Afin de freiner l’effondrement des pollinisateurs, POLLINIS exige du gouvernement une action simple :

« Nous demandons au premier ministre et aux ministres de la Santé, de l’Environnement et de l’Agriculture, qui doivent apposer leurs signatures au décret d’application, de résister aux pressions et de le publier au Journal officiel ».

Nicolas Laarman, délégué général de POLLINIS

 

De quoi les néonicotinoïdes sont-ils le nom ?

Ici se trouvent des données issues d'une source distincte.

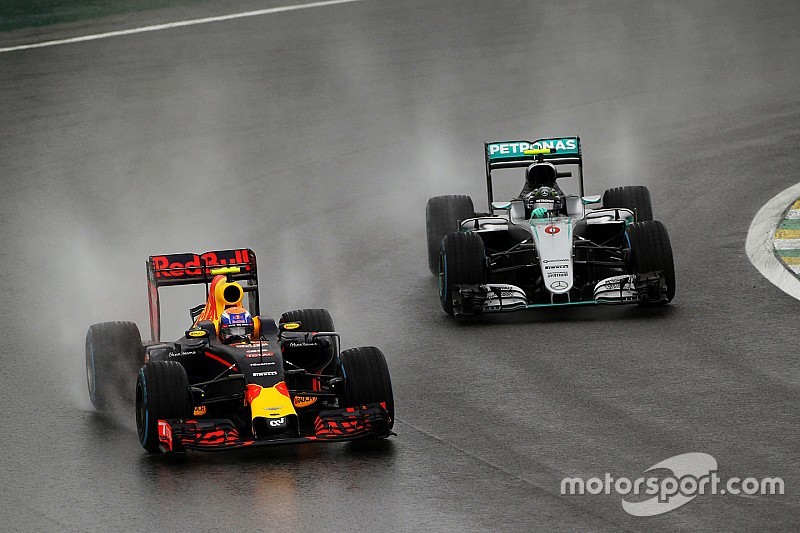 Max Verstappen, Red Bull Racing RB12 leads Nico Rosberg, Mercedes AMG F1 W07 Hybrid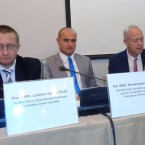 Zleva: Doc. Ladislav Dušek, Prof. Marek Babjuk, Doc. Roman Zachoval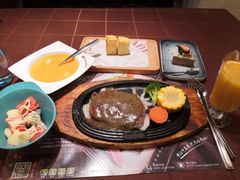 -尊品牛排(沙湾印象汇店)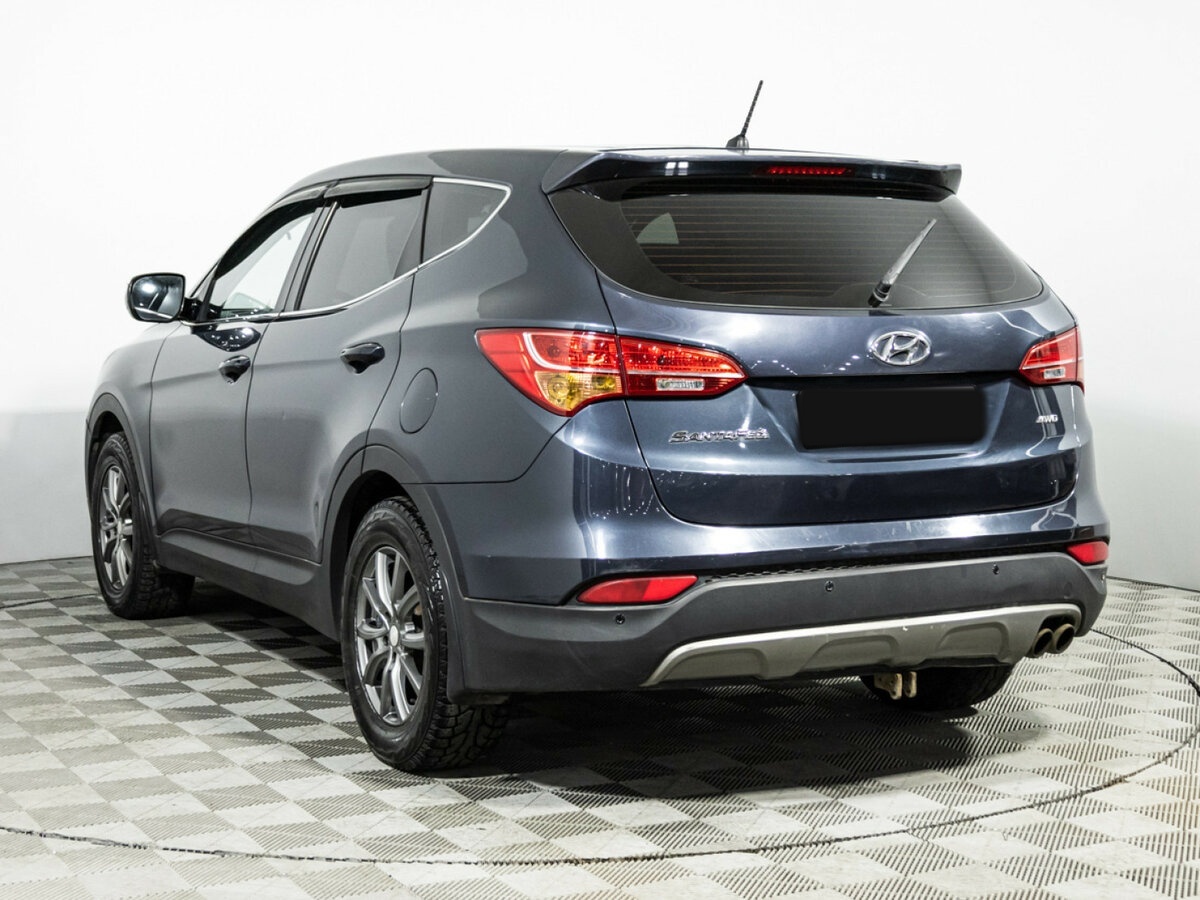 Hyundai Santa Fe с пробегом — 2012 год. Фото: #6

Les néonicotinoïdes sont une famille d’insecticides neurotoxiques qui agissent en attaquant le système nerveux central des insectes, provoquant la paralysie et la mort. Ils sont apparus dans les années 90 pour répondre à l’augmentation des problèmes de résistance des insectes aux pesticides (de nombreux cas de résistance à ces mêmes insecticides ont depuis été documentés). Les sept molécules actives (acétamipride, clothianidine, dinotéfurane, imidaclopride, nitenpyrame, thiaclopride, thiaméthoxame) se retrouvent dans les produits commercialisés tel que le Cruiser de Syngenta ou le Gaucho de Bayer.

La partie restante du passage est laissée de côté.